■ **Work instructions**
Only the text belongs in the copy: retype each record exactly as it appears.

■ **Input for this task**
%%
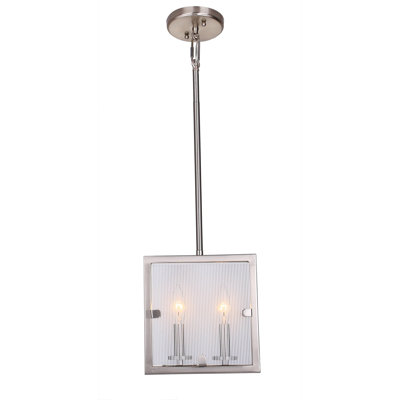 Luminaire suspendu carré unique à 2 lumières Lutwin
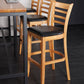 Modern Style Low Back Bar stool PU Leather Counter Bar Stool with Wooden Legs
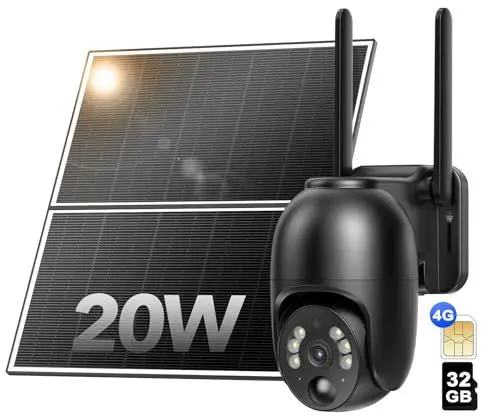 Produktbild: NUASI 4G LTE Überwachungskamera mit SIM Karte Aussen 18W Solarpanel, Kabellos Solar PTZ Überwachungskamera Ohne WLAN Outdoor mit PIR-Bewegungsmelder, 2K Farb-Nachtsicht, 355°/105°, 2-Wege-Audio,IP66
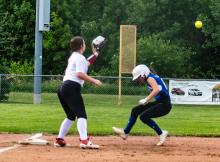 Hannah Nearman, shown here stealing third base, has had 2 homeruns, 2 triples and a double in the last 5 games for the Huskies. Photo by Peterman Sports Photography • stevepeterman5@gmail.com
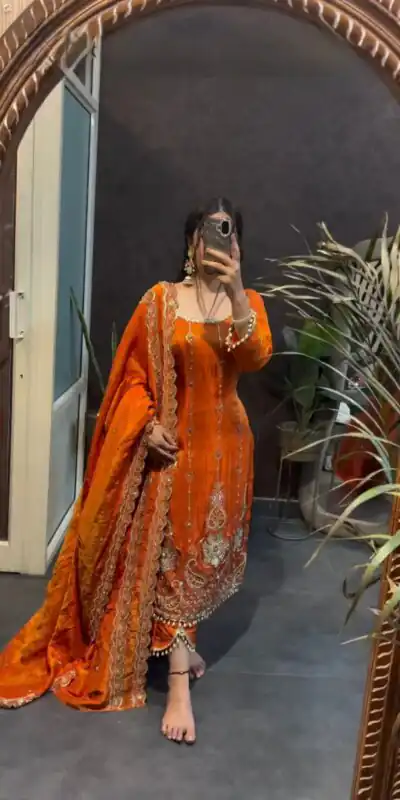 Orange Fendy Silk Thread Work Salwar Suit | Jump Suits, Salwar suit, Casual Suits, Creative suits, Designer Suits, Palazzo Suits, Party Wear Suits, Patiala Suits, Straight Suits
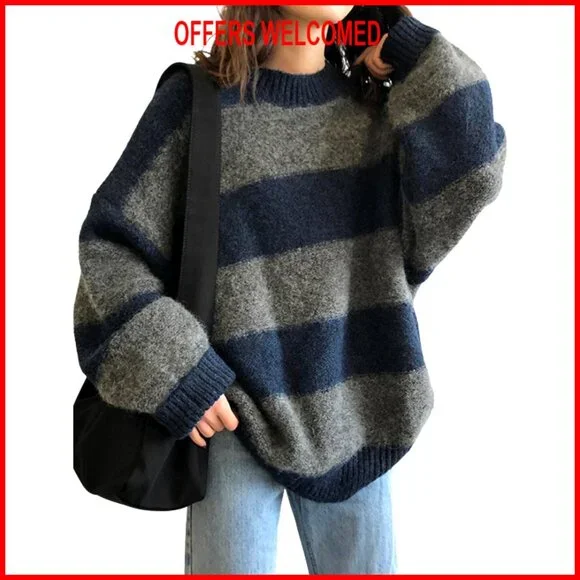 Oversized Striped Pullover Sweater, Crewneck Knit Top, Long Sleeve - Picture 1 of 7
%%
■ **Reply to the exercise**
 Luminaire suspendu carré unique à 2 lumières Lutwin
 Modern Style Low Back Bar stool PU Leather Counter Bar Stool with Wooden Legs
 Produktbild: NUASI 4G LTE Überwachungskamera mit SIM Karte Aussen 18W Solarpanel, Kabellos Solar PTZ Überwachungskamera Ohne WLAN Outdoor mit PIR-Bewegungsmelder, 2K Farb-Nachtsicht, 355°/105°, 2-Wege-Audio,IP66
 Hannah Nearman, shown here stealing third base, has had 2 homeruns, 2 triples and a double in the last 5 games for the Huskies. Photo by Peterman Sports Photography • stevepeterman5@gmail.com
 Orange Fendy Silk Thread Work Salwar Suit | Jump Suits, Salwar suit, Casual Suits, Creative suits, Designer Suits, Palazzo Suits, Party Wear Suits, Patiala Suits, Straight Suits
 Oversized Striped Pullover Sweater, Crewneck Knit Top, Long Sleeve - Picture 1 of 7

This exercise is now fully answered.